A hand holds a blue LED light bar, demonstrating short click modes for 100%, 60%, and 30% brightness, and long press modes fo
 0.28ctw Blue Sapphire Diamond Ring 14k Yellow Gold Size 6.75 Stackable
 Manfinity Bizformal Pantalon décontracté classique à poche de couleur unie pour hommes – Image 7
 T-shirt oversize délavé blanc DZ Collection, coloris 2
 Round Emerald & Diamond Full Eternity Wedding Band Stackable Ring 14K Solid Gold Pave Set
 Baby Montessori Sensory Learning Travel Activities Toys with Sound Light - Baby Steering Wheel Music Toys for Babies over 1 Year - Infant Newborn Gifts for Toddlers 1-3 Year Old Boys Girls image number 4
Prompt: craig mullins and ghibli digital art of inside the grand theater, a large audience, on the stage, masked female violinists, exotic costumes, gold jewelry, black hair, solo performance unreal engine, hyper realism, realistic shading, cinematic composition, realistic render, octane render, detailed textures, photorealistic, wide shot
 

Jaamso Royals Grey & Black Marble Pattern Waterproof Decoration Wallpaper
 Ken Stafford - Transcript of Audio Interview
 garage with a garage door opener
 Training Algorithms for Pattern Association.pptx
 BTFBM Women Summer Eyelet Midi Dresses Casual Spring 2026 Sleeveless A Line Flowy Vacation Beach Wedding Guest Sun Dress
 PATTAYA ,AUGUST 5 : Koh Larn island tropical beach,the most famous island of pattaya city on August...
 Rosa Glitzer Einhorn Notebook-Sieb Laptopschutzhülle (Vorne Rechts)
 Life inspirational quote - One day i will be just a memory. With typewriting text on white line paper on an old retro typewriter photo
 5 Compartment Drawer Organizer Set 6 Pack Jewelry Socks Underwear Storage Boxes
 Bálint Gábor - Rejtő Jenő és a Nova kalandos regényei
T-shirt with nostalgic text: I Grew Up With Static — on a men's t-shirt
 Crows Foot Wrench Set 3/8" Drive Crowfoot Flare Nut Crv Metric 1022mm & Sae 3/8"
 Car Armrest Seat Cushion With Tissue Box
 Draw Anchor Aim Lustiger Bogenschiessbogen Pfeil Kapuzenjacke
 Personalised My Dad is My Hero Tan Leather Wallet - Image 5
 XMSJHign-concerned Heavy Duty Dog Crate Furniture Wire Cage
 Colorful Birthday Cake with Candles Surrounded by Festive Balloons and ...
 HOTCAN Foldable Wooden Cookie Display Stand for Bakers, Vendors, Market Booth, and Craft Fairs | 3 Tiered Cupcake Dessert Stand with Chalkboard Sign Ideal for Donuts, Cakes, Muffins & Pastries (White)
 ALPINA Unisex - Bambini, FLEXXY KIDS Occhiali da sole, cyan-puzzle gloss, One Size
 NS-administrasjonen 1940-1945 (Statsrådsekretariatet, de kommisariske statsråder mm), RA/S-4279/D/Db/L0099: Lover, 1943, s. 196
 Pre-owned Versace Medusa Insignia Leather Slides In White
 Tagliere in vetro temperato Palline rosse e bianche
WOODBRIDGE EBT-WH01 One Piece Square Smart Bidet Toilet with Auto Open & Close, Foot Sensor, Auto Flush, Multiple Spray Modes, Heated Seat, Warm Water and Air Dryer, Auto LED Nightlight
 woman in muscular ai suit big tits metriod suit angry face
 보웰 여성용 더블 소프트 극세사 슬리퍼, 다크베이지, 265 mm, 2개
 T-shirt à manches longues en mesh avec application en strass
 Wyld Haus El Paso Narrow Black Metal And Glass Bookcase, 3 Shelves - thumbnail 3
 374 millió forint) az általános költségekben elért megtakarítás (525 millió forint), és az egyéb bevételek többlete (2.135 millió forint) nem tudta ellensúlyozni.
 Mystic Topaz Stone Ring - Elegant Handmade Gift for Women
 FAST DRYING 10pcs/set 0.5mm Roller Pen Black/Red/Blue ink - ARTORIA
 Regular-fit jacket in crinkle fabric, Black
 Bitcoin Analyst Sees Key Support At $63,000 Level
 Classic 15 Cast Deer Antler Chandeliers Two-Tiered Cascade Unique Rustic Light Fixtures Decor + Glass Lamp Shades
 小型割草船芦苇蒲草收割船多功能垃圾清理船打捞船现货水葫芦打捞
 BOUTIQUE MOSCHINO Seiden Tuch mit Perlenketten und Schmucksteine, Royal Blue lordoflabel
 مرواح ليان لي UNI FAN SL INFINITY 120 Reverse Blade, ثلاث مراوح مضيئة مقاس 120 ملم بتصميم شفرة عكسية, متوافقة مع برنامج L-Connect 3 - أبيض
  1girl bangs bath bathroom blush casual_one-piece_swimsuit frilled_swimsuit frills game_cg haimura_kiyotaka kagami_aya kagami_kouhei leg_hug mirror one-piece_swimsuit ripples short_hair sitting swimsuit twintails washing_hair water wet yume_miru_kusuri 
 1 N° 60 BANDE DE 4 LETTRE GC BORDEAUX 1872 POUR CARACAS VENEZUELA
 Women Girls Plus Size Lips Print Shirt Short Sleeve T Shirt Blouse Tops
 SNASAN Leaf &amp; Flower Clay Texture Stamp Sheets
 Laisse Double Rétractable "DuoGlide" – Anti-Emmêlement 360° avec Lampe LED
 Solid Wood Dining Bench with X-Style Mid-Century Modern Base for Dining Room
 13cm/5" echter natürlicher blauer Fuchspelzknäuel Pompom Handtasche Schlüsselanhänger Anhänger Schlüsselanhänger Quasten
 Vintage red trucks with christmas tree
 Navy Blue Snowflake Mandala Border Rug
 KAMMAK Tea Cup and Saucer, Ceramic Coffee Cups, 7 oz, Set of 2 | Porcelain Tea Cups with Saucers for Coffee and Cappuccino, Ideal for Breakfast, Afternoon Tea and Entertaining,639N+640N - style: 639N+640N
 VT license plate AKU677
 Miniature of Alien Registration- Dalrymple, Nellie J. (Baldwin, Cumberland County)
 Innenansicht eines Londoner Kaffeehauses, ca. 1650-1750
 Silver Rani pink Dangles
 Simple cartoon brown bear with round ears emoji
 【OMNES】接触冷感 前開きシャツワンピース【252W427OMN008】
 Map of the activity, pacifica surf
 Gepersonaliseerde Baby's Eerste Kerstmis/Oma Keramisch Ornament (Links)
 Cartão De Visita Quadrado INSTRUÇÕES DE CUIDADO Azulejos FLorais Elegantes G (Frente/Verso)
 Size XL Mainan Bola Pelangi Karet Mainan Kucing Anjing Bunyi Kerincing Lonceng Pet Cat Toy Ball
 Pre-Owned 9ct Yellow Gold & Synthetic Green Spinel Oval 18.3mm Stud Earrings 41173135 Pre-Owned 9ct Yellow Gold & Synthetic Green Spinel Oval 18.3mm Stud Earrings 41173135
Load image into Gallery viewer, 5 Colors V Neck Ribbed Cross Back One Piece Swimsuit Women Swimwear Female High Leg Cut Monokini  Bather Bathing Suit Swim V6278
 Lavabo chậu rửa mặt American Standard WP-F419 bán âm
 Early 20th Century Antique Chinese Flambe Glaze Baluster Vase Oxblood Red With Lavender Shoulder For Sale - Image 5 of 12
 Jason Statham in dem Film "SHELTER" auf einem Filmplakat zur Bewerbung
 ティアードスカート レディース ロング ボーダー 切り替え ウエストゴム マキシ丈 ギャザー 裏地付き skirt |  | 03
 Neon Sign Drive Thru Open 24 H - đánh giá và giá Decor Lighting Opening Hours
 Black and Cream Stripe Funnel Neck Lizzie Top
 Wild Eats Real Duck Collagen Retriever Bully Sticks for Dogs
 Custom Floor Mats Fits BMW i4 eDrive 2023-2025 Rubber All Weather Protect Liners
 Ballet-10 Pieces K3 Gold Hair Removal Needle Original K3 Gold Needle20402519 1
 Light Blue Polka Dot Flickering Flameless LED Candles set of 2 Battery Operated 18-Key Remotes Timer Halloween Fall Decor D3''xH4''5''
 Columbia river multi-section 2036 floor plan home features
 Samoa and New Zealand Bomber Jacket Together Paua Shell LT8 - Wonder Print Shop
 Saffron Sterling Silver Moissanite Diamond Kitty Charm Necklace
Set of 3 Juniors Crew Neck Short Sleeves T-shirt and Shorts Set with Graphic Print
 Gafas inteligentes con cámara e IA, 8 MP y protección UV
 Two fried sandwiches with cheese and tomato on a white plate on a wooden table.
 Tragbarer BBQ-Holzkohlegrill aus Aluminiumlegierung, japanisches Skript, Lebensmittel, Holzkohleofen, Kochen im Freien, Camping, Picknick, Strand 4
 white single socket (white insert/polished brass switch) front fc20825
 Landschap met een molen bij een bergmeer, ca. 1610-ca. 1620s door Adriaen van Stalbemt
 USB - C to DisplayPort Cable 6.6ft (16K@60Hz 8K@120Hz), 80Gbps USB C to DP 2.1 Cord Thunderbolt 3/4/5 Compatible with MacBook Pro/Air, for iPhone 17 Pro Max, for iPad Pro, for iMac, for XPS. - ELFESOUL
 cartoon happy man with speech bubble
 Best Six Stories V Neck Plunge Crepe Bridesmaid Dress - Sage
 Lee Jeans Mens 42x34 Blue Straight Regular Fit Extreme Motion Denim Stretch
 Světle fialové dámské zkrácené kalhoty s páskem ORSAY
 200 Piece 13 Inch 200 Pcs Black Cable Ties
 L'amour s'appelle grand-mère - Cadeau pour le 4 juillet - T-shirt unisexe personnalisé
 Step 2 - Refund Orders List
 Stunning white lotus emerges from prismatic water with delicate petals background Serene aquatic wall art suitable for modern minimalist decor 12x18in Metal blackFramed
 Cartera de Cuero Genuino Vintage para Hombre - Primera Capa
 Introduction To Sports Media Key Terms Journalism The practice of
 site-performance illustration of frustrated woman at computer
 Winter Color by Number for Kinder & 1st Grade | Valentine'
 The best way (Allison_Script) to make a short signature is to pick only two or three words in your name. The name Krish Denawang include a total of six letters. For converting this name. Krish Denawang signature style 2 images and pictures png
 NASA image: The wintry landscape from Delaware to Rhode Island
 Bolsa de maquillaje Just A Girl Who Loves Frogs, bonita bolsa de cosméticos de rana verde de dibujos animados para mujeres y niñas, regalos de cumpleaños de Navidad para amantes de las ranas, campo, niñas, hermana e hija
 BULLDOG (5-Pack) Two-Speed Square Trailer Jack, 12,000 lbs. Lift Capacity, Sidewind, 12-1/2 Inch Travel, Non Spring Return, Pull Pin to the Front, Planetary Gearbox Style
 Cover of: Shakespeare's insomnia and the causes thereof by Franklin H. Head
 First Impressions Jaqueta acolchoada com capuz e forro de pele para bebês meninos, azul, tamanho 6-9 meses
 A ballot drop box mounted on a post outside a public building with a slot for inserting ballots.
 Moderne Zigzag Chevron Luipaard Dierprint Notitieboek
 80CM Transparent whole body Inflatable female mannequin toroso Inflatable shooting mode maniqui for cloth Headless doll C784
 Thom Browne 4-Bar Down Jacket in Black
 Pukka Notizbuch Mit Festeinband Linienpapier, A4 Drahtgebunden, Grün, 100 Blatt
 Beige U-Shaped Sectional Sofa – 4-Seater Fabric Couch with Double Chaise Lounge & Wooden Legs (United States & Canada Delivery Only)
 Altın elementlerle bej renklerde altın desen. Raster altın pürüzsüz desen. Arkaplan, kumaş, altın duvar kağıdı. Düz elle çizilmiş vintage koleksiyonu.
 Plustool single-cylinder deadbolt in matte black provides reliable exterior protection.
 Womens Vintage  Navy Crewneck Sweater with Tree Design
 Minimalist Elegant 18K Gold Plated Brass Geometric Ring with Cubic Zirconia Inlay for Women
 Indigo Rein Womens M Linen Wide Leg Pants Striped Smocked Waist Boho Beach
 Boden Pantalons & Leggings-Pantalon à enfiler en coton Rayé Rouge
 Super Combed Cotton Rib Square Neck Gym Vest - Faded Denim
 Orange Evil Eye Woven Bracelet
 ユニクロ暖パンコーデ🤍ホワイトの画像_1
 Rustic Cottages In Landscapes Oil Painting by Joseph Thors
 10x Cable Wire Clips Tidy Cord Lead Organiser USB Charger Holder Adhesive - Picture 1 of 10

========================================================================

● Exercise directions
Using the listing above, pull out all lines that hold the word "Regular".

● Task solution
 Regular-fit jacket in crinkle fabric, Black
 Lee Jeans Mens 42x34 Blue Straight Regular Fit Extreme Motion Denim Stretch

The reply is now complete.